我ら星の子
家から診療所までの通勤中私は本を読んでいることが多いが、ここ数日久しぶりに熱中して読める本に出会った。本の題名は「宇宙への秘密の鍵」。理論宇宙物理学者のスティーブン・ホーキング博士が娘さんのルーシーさんと共に書いた子供向けの科学冒険小説である。子供にと思って購入したが、私の方が夢中になって先に読んでしまった。
この中に「我ら星の子」という一節が出てくる。このことが真実であることを、私は20年前にブルーバックスの「なぜ地球は人の住める星になったか?」という本で初めて知った。

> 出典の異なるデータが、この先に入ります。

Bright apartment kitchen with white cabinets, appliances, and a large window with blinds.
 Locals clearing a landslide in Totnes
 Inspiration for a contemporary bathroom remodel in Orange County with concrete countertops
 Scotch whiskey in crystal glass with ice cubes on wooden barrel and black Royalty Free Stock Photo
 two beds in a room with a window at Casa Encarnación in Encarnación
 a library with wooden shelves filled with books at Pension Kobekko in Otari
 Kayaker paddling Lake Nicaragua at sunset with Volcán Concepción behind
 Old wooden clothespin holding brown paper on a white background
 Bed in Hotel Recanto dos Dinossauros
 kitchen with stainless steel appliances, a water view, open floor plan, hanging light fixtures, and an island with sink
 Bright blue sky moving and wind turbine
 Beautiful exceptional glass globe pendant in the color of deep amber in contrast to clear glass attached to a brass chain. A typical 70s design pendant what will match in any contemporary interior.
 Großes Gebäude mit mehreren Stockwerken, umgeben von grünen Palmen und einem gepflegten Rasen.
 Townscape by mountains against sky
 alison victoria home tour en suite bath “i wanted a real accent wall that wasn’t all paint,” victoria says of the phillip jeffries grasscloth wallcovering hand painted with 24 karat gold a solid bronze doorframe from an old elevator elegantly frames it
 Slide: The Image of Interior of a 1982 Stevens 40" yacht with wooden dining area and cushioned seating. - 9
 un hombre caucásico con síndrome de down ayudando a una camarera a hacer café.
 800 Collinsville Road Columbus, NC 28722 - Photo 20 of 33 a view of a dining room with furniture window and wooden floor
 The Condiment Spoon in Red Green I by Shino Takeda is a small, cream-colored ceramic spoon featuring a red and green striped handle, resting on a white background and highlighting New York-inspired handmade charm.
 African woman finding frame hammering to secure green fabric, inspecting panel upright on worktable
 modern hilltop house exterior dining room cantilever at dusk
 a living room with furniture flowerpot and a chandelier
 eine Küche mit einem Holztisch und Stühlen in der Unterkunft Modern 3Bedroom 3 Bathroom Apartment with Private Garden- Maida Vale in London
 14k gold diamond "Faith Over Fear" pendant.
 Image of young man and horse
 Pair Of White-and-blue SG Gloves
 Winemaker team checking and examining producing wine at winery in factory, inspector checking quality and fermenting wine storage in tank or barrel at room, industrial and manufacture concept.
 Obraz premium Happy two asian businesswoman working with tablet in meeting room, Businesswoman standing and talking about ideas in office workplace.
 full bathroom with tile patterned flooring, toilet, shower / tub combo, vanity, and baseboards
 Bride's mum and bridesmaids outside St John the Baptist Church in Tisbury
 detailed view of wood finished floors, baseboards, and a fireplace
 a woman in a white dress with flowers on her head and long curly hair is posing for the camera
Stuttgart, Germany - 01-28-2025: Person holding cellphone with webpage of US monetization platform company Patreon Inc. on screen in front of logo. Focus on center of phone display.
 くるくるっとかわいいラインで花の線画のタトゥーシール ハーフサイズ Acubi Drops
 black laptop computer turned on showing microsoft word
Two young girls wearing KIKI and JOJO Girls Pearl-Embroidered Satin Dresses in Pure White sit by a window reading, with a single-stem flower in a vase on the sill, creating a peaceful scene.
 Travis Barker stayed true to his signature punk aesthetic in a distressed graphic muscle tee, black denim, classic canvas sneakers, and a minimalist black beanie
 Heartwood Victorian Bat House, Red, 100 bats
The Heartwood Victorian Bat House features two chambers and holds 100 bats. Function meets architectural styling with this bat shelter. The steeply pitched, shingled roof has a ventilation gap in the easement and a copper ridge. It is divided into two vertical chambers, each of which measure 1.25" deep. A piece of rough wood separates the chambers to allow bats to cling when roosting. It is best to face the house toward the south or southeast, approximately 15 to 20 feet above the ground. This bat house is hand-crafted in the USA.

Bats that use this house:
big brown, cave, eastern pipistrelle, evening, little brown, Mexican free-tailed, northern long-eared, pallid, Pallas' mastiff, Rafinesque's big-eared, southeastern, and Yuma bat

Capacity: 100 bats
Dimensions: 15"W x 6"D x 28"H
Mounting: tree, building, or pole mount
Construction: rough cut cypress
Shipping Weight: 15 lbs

ウルトラQなどでは、地球上には存在しない物質チルソナイトなんていう物質が登場したりしていたので、それまでの私はきっと宇宙には私たちの知らない物質がたくさんあるのだろうなどと勝手に想像していた。
しかし宇宙物理学によると、宇宙に存在する物質は全て太陽などの恒星の内部で作られたものであるらしい。すなわち恒星は水素で出来た巨大な核融合炉であり、その内部では水素からヘリウム、ヘリウムからリチウム、リチウムからベリリウムと次々と大きな元素が作られ、この反応は鉄まで至る。恒星の内部には鉄のコアができあがっていく。鉄以上の大きな元素は、超新星爆発の時に生成されるらしい。
我々の体を作っている炭素や窒素、酸素、リンなどの原子はまさしく、はるか大昔に恒星の内部で作られたものなのである。我らはまさしく星の子といえるだろう。